The immediate past National President of National Palm Oil Produce Association of Nigeria (NPPAN), Henry Olatujoye had told The Guardian that the country needs to double its efforts in converting idle forests to economic gains, such as developing more plantations and increasing production and yield.

Olatujoye also attributed the development to supply deficit, aggravated by population explosion, as well as increase in industrial utilisation.

“Palm oil has always been higher in price when compared to petroleum products; this is because of population, which leads to increase in industrial utilisation and consumption.

“If production increases, definitely the price will go down. As at now, it is not like that, there is disparity between population and consumption. Right now, production is low, consumption is high. Definitely supply will be low and that will increase the price of the product.”

“It’s an economic theory, once there is enough supply in the market, prices will filter around the capacity of the purchasing power of people. The only thing we can do is to ensure that we increase our production capacity.”

Carving out a way forward
With the backward integration policy now being implemented in the country, there are concerns about the pace as stakeholders note that it could take as much as seven years to start seeing the returns. And it would also require considerable interest from the government to encourage more of such.

Stakeholders note that the first step would be to address the existing backward integration policy, adding that for about two decades, the only thing higher import duties have achieved is to pass on higher prices to consumers. According to them, it has not made the local players increase their production. If anything, it may have made them more complacent and content to just bask in the euphoria of their monopoly by enjoying higher prices.

They argued that if reducing import duties can translate to lower prices of imported goods for the consumers, it could pressure the local players to improve production, knowing that there are cheaper alternatives. This, of course, needs not compromise the quality checks on the imported products. To bring down the price of crude palm oil and meet the demand gap, the market should be more democratic for the law of demand and supply to be effective.

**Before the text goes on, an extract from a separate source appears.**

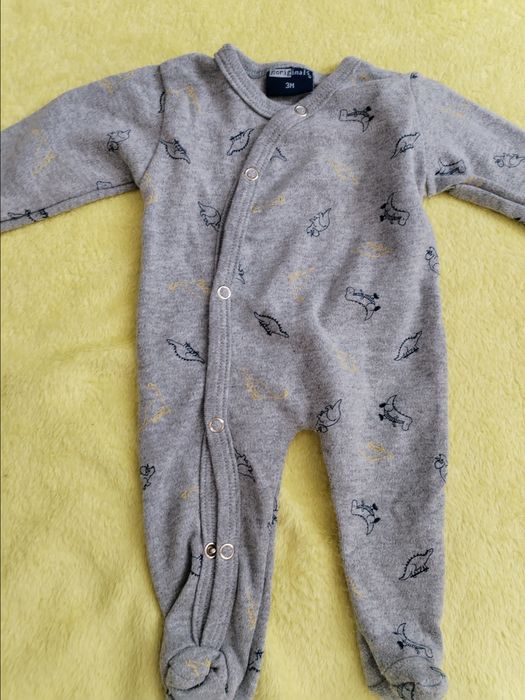 Ромпери есенно-зимни.0-3 м.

A first step to increasing the quality, and quantity of local crude palm oil production would be making sufficient investments to mechanize the process. While it is okay to let the local producers continue with what they already do, it is already clear that at the pace and scale they operate, they cannot cross certain production thresholds.

This could involve importing automated refineries to be situated in strategic states across the country, and maybe even providing some to farmer groups to increase and encourage their processing. Nigeria needs to move beyond the outdated processing methods and infrastructure currently being employed for this critical product. With a higher extraction capacity, such machines can significantly increase the quantity produced, and the cleaner processes resulting from it will ensure higher quality.

Adequate investment in modern technology is needed. What this could also achieve for us as a country is to encourage more young people into the oil palm business. Some smallholder farmers are of the opinion that the amount of labour and crude processes involved could be a discouraging factor for younger educated Nigerians to enter the sector.

With the slow-paced growth being experienced in the sector, it is expected that the penetration of the industry by new entrants as well as review of government’s position on duties would further drive the growth of the sector.